Wednesday Evening  14 July 2010

 We saw an opportunity to take a long position in the Euro, based on a strong volume rally followed by a retest decline on less volume.  The retest on
less volume indicates there is no selling pressure, and that is a positive sign for
a potential rally to follow.  You can see the strong rally bar, second bar after the
low on the 13th.  That wide range up bar was followed by two small range bars
that did not retrace much of the rally off the low.  That sparked our attention. 
In a market that is in a rally mode, corrections usually last 1 to 3 bars.  This
one was only two bars, a positive sign for the upside.

 Note how the volume dropped sharply on that two bar decline.  This says that
there are few sellers at that point.  On the first sign of a turnaround, we wanted
to get long, and we did buy at 125.77 on the very next bar.  That will be covered
in the second chart.

 What is interesting is how one can read present tense developing market activity
to make a decision.  When price made a high around the 127.50 area, back on
the 9th, you can see how the market then corrected, all the way down to the low
which caught out attention.

 After establishing a long position, the question then becomes, where to exit?

 We were still long after the rally took price back to the 127.57 high, where a
lateral consolidation developed at an area of resistance.  Take profits or not?

 Not!

 We were aware that the market was consolidating, not correcting.  What is the
difference?  In a consolidation, there is very little price retracement, and that is
an indication of underlying market strength.  See how shallow the correction is in
a consolidation phase?  On the decline from the 9th, price retraced about 225
pips.  By contrast, in the consolidation, price corrected only 50 pips, so we
expected there was more upside to be realized.
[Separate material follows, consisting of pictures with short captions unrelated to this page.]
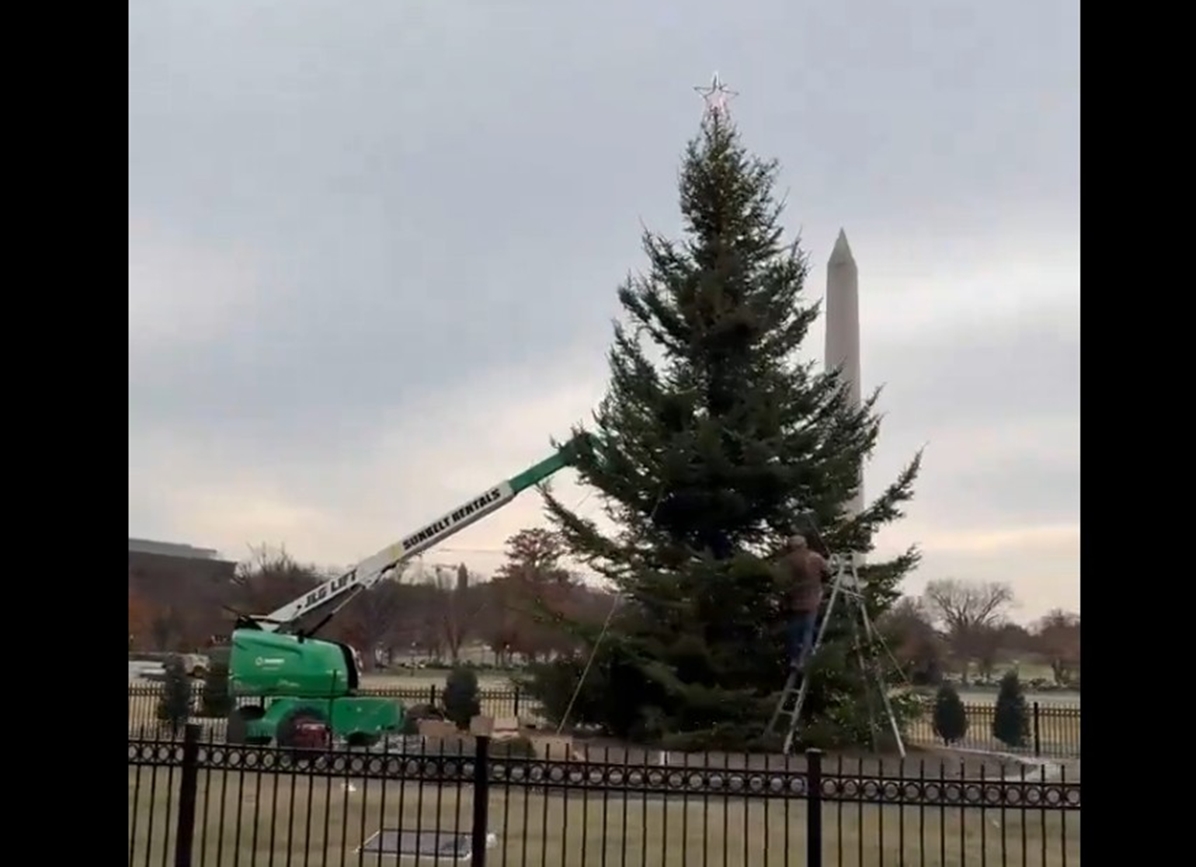 HΠΑ: Ο Λευκός Οίκος, υπό τον Τραμπ, στολίστηκε νωρίς – Από τη Νεβάδα ταξίδεψε το χριστουγεννιάτικο δέντρο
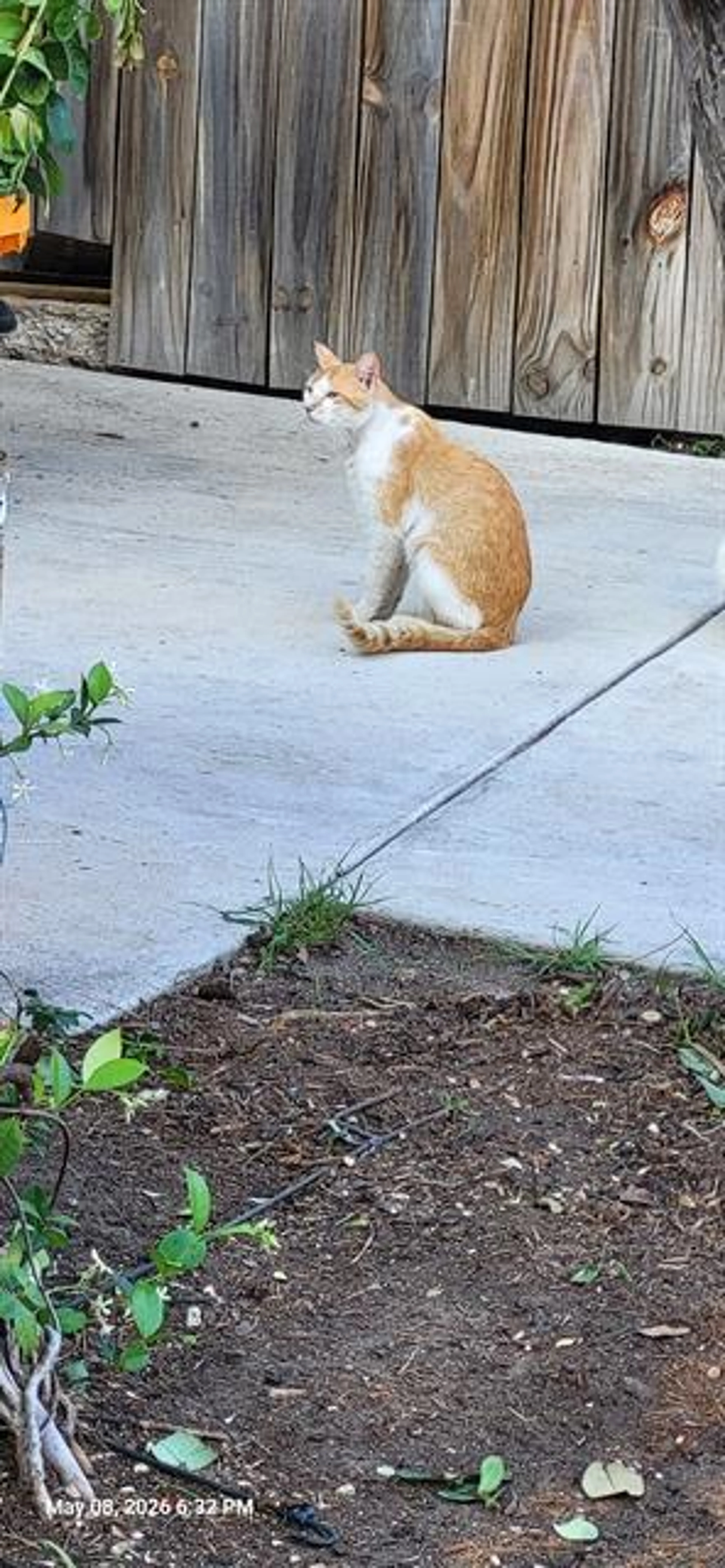 Found pet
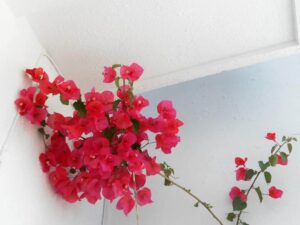 Aggela Guesthouse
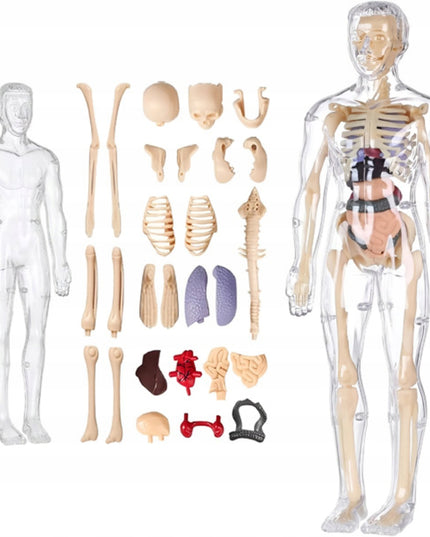 Žmogaus kūnas edukacinis anatominis modelis skeletas vaikams atradimų pasaulis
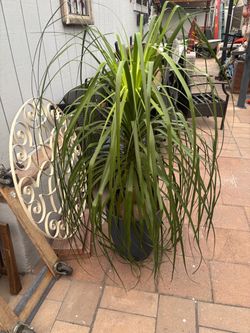 Pony tail plant, elephant foot.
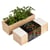 Resetea - Kit d'Auto-culture Pizza - Origan, basilic et tomate cerise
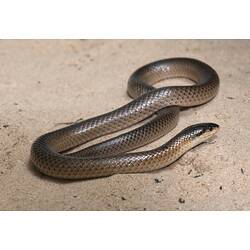Mitchell's Short-tailed Snake.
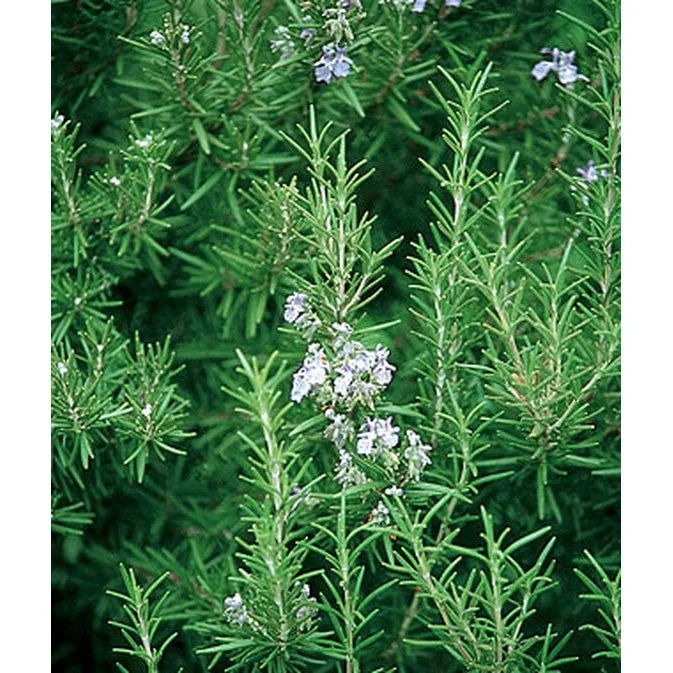 Rosemary Seed Pack 61383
 Then, what developed was a clear message from the market.  Price dropped
under the consolidation to a low of 126.82.  Could this be the start of a larger
correction?  Using a 60 minute time frame, we had to wait to see where the 60
minute bar closed.  A weak close would get us out.  By the close of the last
60 minute bar on the chart, we had our answer.  The close was on the upper end
of the range, and that tells us buyers were in control.  Adding to that observation
was the increased volume.  The increase told us that buyers were entering on
price declines, supporting the market.

 We had our answer from developing market activity.  It was saying that the rally
was likely to continue higher and to hang onto remaining long positions.  There
is no better source of market information than that which is generated by the
market itself, in the form of price and volume.  What is significant about price
and volume is that they are proven facts.  Anything and everything else is just
potential.

 The next chart shows how the market advertised higher prices.

 

 Euro 60m-1 14 Jul 10

 A long position was established at 125.77, anticipating a rally.  Half the position
was liquidated at 126.30.  At the time, the 126.50 area was resistance, and on a
30 minute bar, [not shown], there was a surge in volume.  It looked like potential
stopping action at resistance, hence the exit.  Plus, making 53 pips in a short span
of time was great, given how price had dropped steadily from the 9th.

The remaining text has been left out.